Q: For those mentoring new devs, what pitfalls do you see most often when people first deploy contracts on Sui?
- Sui
- Architecture
- SDKs and Developer Tools
Ответы
8Here’s a summarized list of common mistakes new Move developers make on Sui:
Common Pitfalls for New Move Devs on Sui:
- Misunderstanding Sui’s object model
- Treating everything like Ethereum accounts/slots instead of objects with ownership.
- Overusing shared objects
- Making too many objects shared → high contention, poor parallelism, more gas.
- Not handling Balance
properly
- Keeping loose Coin
s → coin equivocation risks, unnecessary merges/splits.
- Ignoring type safety features
- Skipping phantom types or resource semantics → cross-asset bugs, lost assets.
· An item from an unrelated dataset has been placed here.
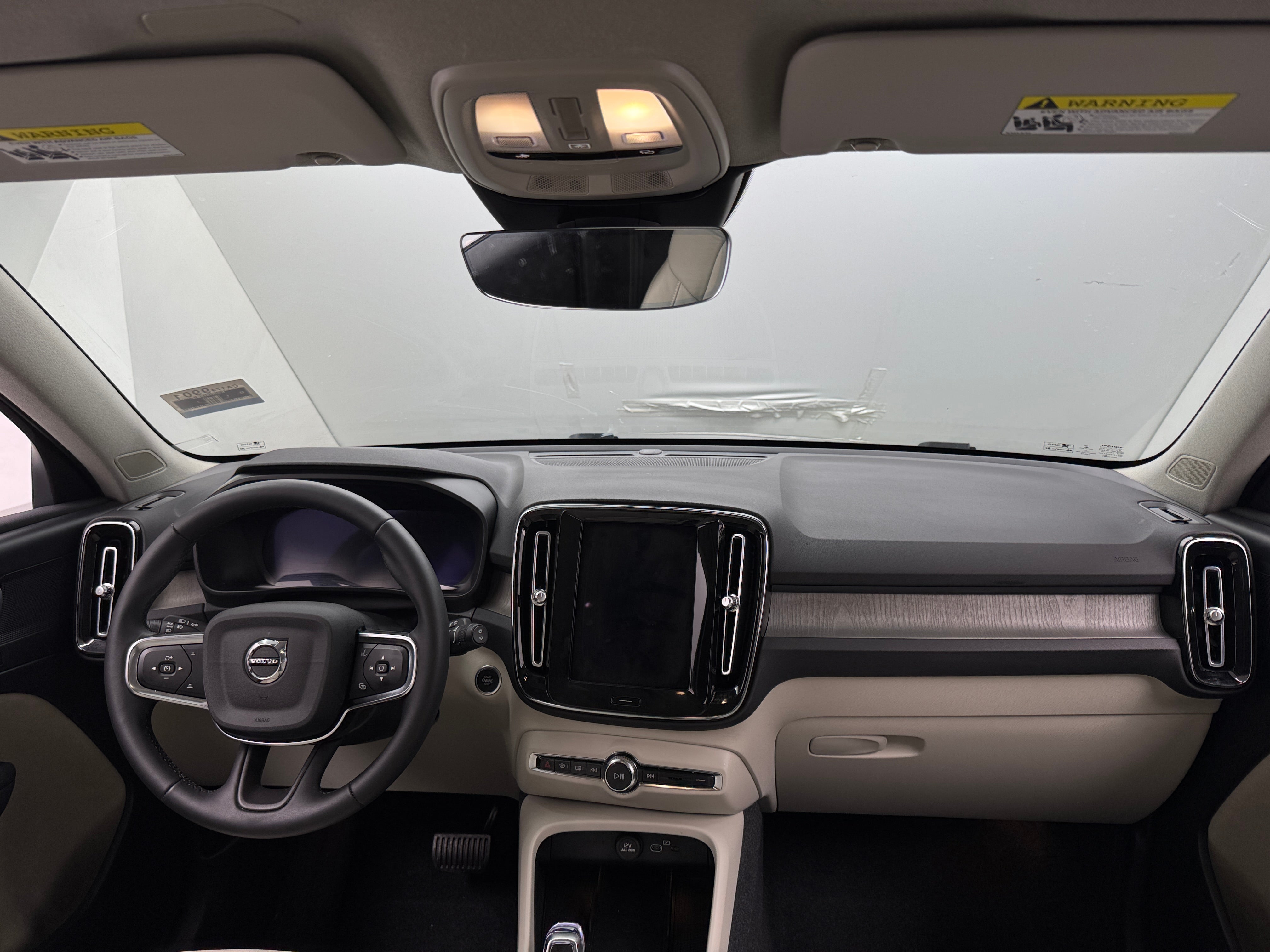 2023 Volvo XC40 B5 Plus 2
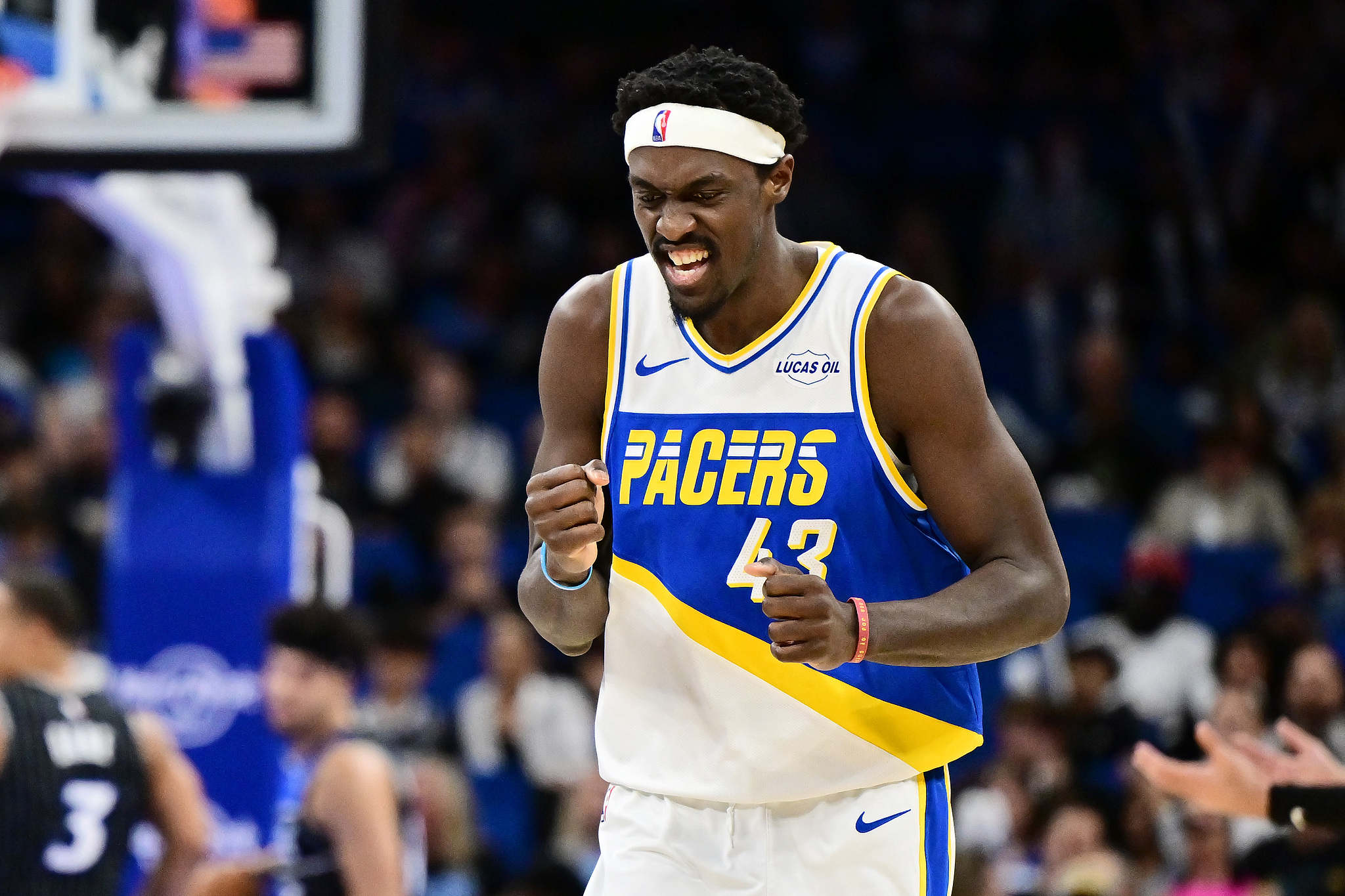 开云体育官网-西亚卡姆37+6班凯罗39+6 步行者险胜魔术终结16连败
- Redundant storage writes
- Rewriting big objects instead of using events or child objects for history.
- Weak access control
- Forgetting to gate admin functions with capabilities or checks → anyone can mutate.
- Poor concurrency design
- Centralizing state in one shared object instead of distributing into children → bottlenecks.
- Gas inefficiency
- Emitting large events or storing full history on-chain instead of minimal diffs + off-chain indexing.
Embrace the object-centric model, use Balance, design for parallelism, and lean on Move’s type system + caps for safety.
For devs who’ve already wrapped their head around Sui’s object model, what are some advanced design patterns you’ve found helpful for avoiding these pitfalls—especially around shared object contention and balancing on-chain vs off-chain data?
When new developers start writing Move contracts on Sui, there are some recurring mistakes that tend to surface. If you’re mentoring new devs, these are the pitfalls you’ll probably see most often
Overusing Shared Objects
A lot of beginners model everything as a shared object, thinking it’s the “safe” option. In reality, shared objects are more expensive because they require consensus, and they often block parallelism. New developers miss that owned objects are cheaper, faster, and easier to reason about for most use cases.
Forgetting Cleanup Paths
Move enforces resource safety (you can’t drop or duplicate resources), but developers sometimes forget to provide destroy or reclaim functions. This leads to objects that get “stuck” because they can’t be moved or reclaimed, effectively locking user funds or assets.
Weak Access Control
It’s easy to forget that anyone can call a public entry function. New developers sometimes expose functions without checking ownership or capability permissions, which allows unintended or malicious calls. A best practice is to enforce capability checks or explicit ownership validation at every sensitive entry point.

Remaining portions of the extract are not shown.